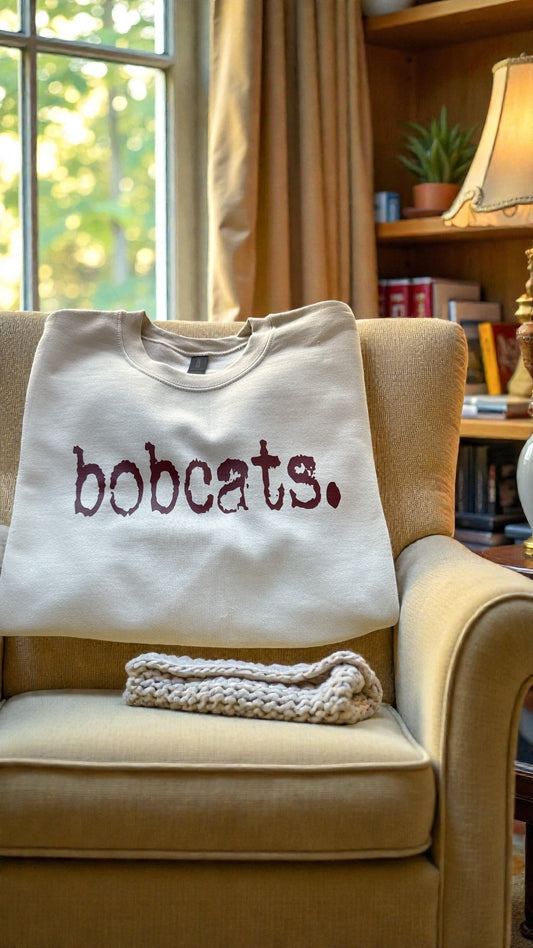 Bobcats Typography Sweatshirt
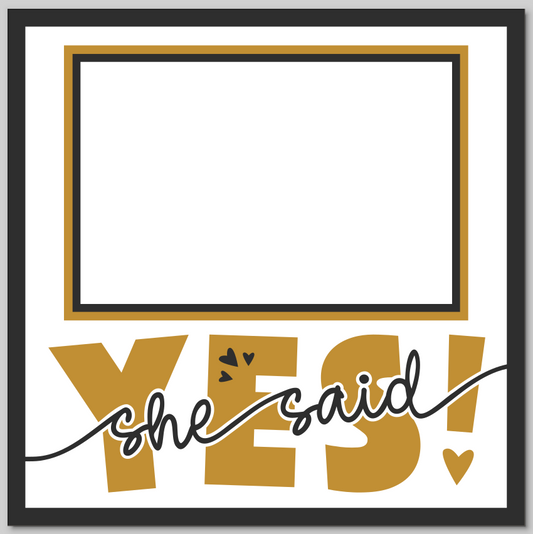 She Said Yes Personalised Picture Frame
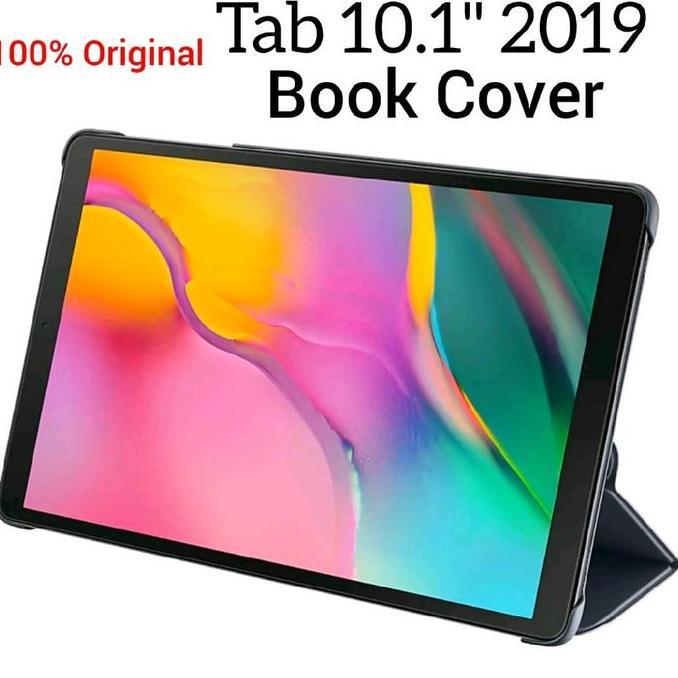 BEBAS ONGKIR - Original Samsung Galaxy Tab 10.1 2019 10 Inch Book Flip Cover Lipat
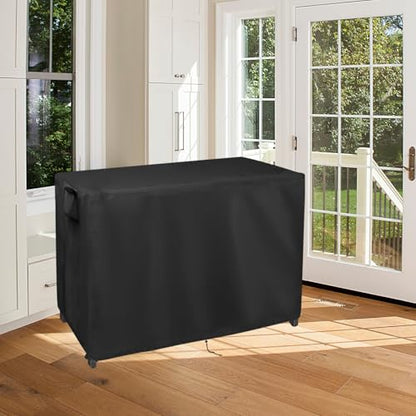 Outdoor Table Cover for Patio Prep Tables, 55inch Bar Table Cover Waterproof for Bar Furniture,Grill Cart,Kitchen Island Tables-55"L x 24"W x 40"H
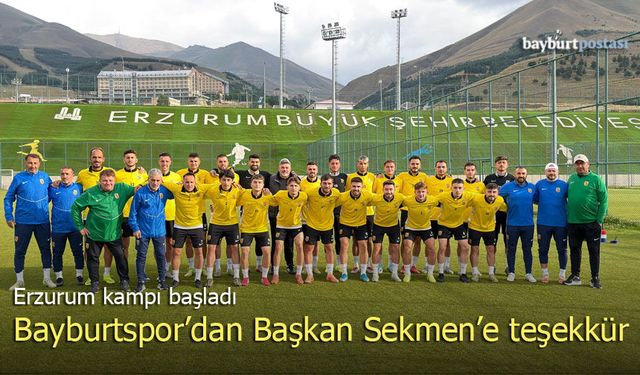 Bayburtspor’dan Erzurum Büyükşehir Belediye Başkanı Sekmen’e Teşekkür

^^^^^^^^^^^^^^^^

Begin at the first line of the records and please reproduce every line exactly through the one containing "Outdoor Table Cover", leaving all pictures out.

 Bobcats Typography Sweatshirt
 She Said Yes Personalised Picture Frame
 BEBAS ONGKIR - Original Samsung Galaxy Tab 10.1 2019 10 Inch Book Flip Cover Lipat
 Outdoor Table Cover for Patio Prep Tables, 55inch Bar Table Cover Waterproof for Bar Furniture,Grill Cart,Kitchen Island Tables-55"L x 24"W x 40"H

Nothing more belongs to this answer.